What was interesting is that at the time this was discussed and shown to
me, my back chat went on and on about "but if I am the creator and am
responsible for all that is here, then everybody else is equally the creator
and thus is equally responsible for what is here – so why don't THEY fix it all
up".
It was fascinating to see how fast from the moment of seeing my
responsibility I went to find excuses to get me out of it, to have someone else
share responsibility with me, someone else to blame if it all goes wrong –
anything but allowing myself to stand within self-trust and take
responsibility.
What a foreign concept - standing up, trusting myself, taking
self-responsibility… is this really who I want to be?

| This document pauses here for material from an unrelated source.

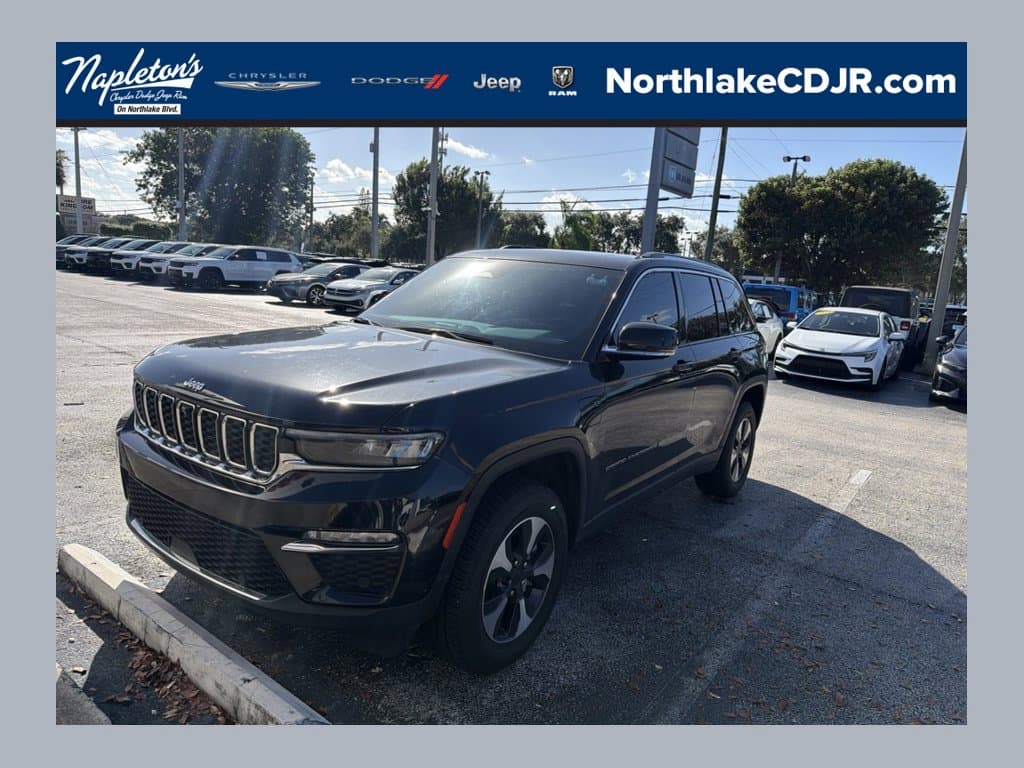 2023 Jeep Grand Cherokee Base — photo 1 of 19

Do I really want to be someone that these
concepts are distant and seem impossible?
It's so easy to go into self-doubt and convince myself I can't do it and
that it would actually be best for all to count on someone else to get this
world sorted out…
it's so easy to not make any effort and keep on complaining and crying
about how hard and unfair life is, while still not doing the minimum effort that
it takes in order to change anything - the minimum being changing myself,
taking responsibility for myself only, figuring out why/how I do what I do,
checking and changing my own starting point of action to actually consider
life, to actually consider myself as life, to actually respect myself enough to
allow myself to give myself the gift of life, instead of remaining a lifeless robot
directed by everything and anything around me only for the sake of not taking
self-responsibility and hiding a life time behind blame and excuses based on
fear.
This way of life is not only "not best for all", but is
actually not even best for me. So who's interest am I obeying by not changing?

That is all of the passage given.